What IS Resilience?

Resilience has become enough of a buzzword that I’m starting to see pushback against it, things like “Why do we need to be resilient? Why can’t we just be enough as we are?” and “Why is personal growth framed as problems to solve instead of self-acceptance?”

I feel like these questions arise from misunderstanding the term or perhaps the underlying paradigm.

Also maybe from cynicism around the whole personal development industrial complex, which often does seem more intent on selling the next new technique and mindset than it does on actually helping people. After all, if people actually heal all their suboptimal ways of being, then they don’t need to buy anything from anyone. That’s an unsustainable business model!

Personally, I would love to put myself out of business because no one else in the world needs the sort of help I offer. Like…that’s the dream. What can we as the human collective build and achieve if we are free from the bounds of trauma and the wounds of disconnection? If we have all paid the debts of pain that we inherited from prior generations and no longer live in service to the past, what can we buy with the coin of our time, energy, and emotional labor? I mean, I don’t know, but I sure want to find out! What other gifts of mine could I then put to use? What new frontier of understanding or vitality could I explore? Again, I don’t know, but I would love to find out!

I think a lot of people who work in personal growth and development have, or at least go into their career with, a similar ethos. But the Western world’s cultural habit of goal-focused thinking can easily transform healing work into a hamster wheel. We get addicted to “fixing” ourselves; if we think any flaws or mistakes are just improvements waiting to be made, we can find an endless to-do list. We chase perfection and lose sight of the real goal, which is creating a life we actually want to live. The pursuit of perfection, with its ever-changing goal post – it’s always going to be on the other side of this next improvement – becomes a different form of the same self-rejecting, self-critical mindset that we went into personal growth to try to break out of. And if the people who are trying to teach a better way get caught in that trap, how can they avoid teaching it?

I can easily see why the criticisms get leveled. Why do we need more resilience? Why can’t our non-resilient way of being be enough? Why can’t we be enough?

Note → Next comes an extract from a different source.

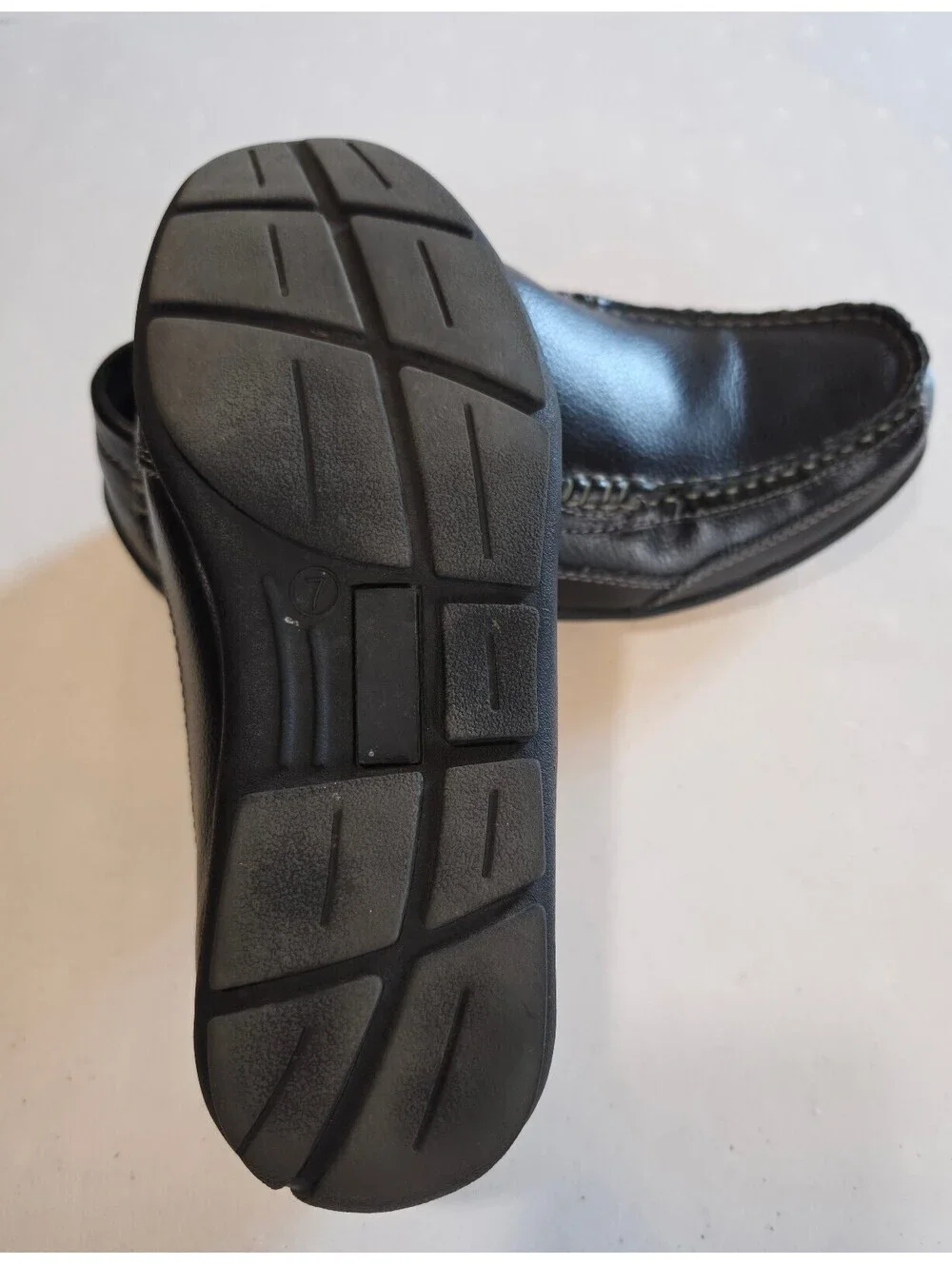 Men's Black Leather Slip-On Loafers by Stone Canyon 7 M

But…resilience is the primary quality which allows us to be enough as and where we are.

Resilience is fundamentally about being able to embrace change and carry hope even in hard times. (And if you want to tell me there is no such thing as hard times, I am just going to laugh. There are objectively difficult experiences that even someone who doesn’t reflexively see the negatives or the lacks can live through and find painful and hard to cope with.) From my experience and perspective, lack of resilience manifests as fear of not being able to adapt to change or survive a change. These fears, whether conscious or unconscious, keep people clinging to patterns, beliefs, ways of being, etc., that have outlived their purpose. Obviously the psyche has a purpose for them – “These habits or coping mechanisms make me feel safe” – but what I mean here is when that orientation is causing a different part of the self to be abandoned, suppressed, or atrophied. The wholeness or integrity of a person is compromised for the singular goal.

Resilience is what allows us to take a hit, absorb the blow, and rise above the pain of it to act from a considered, deliberate place instead of reacting from our emotions, defenses, or instincts. Resilience is built on trust in ourselves to adapt to changes and to come back into alignment with our highest good.

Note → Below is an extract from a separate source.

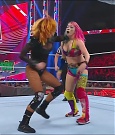 WWE_Monday_Night_Raw_2022_06_20_720p_HDTV_x264-NWCHD_mp4_007161128.jpg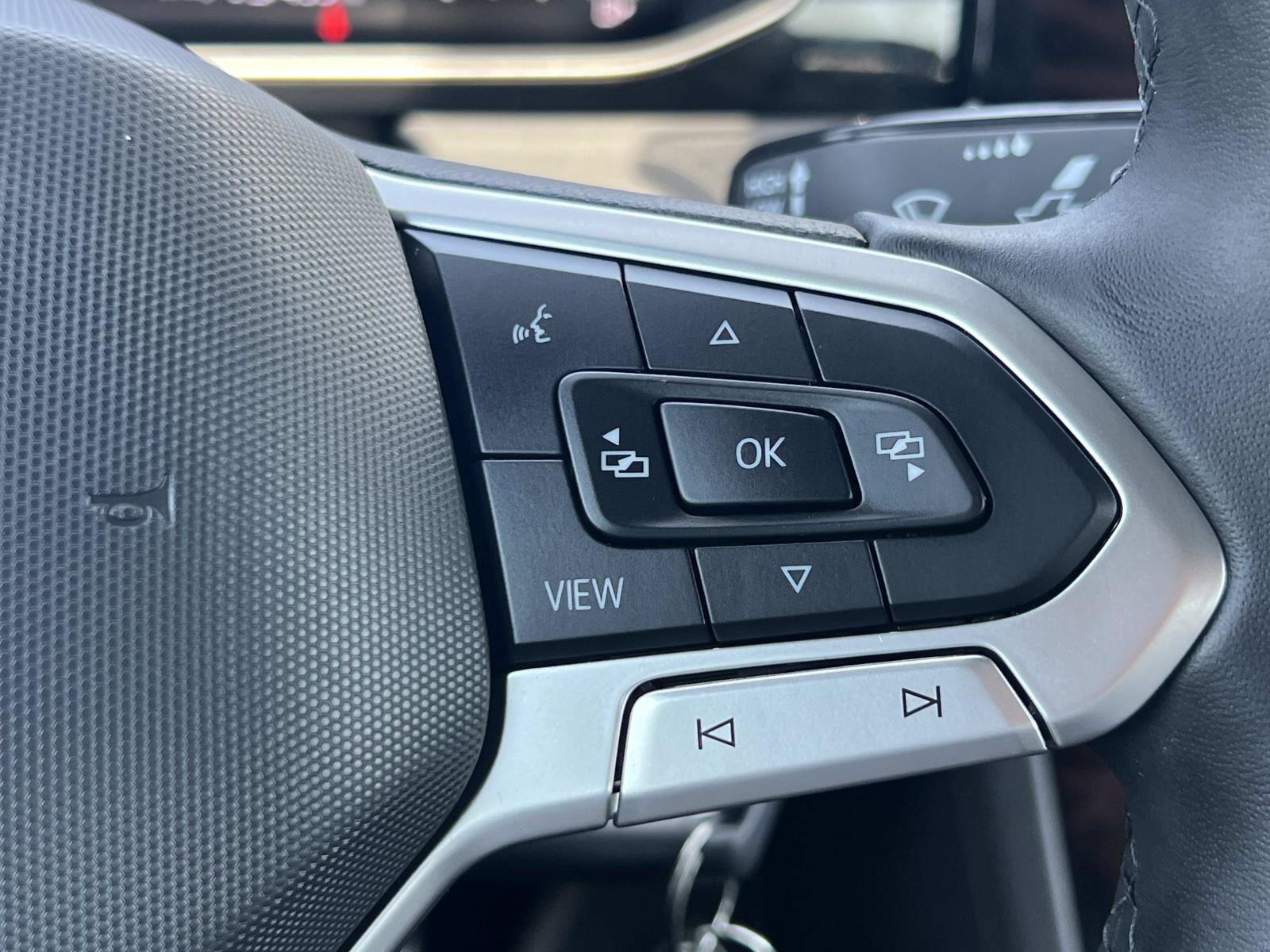 Used 2025 Volkswagen Jetta Sport image 10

I know the push to view all experiences as “teachable moments” or growth opportunities can become constricting. That philosophy reframes everything into positive terms, and it can also begin to feel like blaming or shaming. If you’re having a bad experience, you are the problem, because you can’t accept it or reframe it into some beautiful lesson. Frankly, that’s bullshit. Sometimes life is hard. Sometimes bad things happen that are not our fault and that no amount of mindset work can turn into something positive. That doesn’t mean we can’t learn anything from those experiences or find a way to come out from them better; but the inner strength that allows us to do that? To walk through hell and come out with hope? That’s resilience.

Allowing yourself to experience only positive emotions leads to living with blinders or with a non-acceptance of discomfort. For me, inner resilience is what allows me to find value in the painful things, or the boring experiences, the uncomfortable growing along with the fun expansive parts. Resilience is what allows me to be fully human and fully present to the life I have, the life I am living, not chasing perfection or waiting until I and my life are both perfect before I can really live.

So when I say we need more resilience, what I mean is that we need more acceptance and more willingness both to be where we are and to acknowledge that where we are will change – and we can help change it.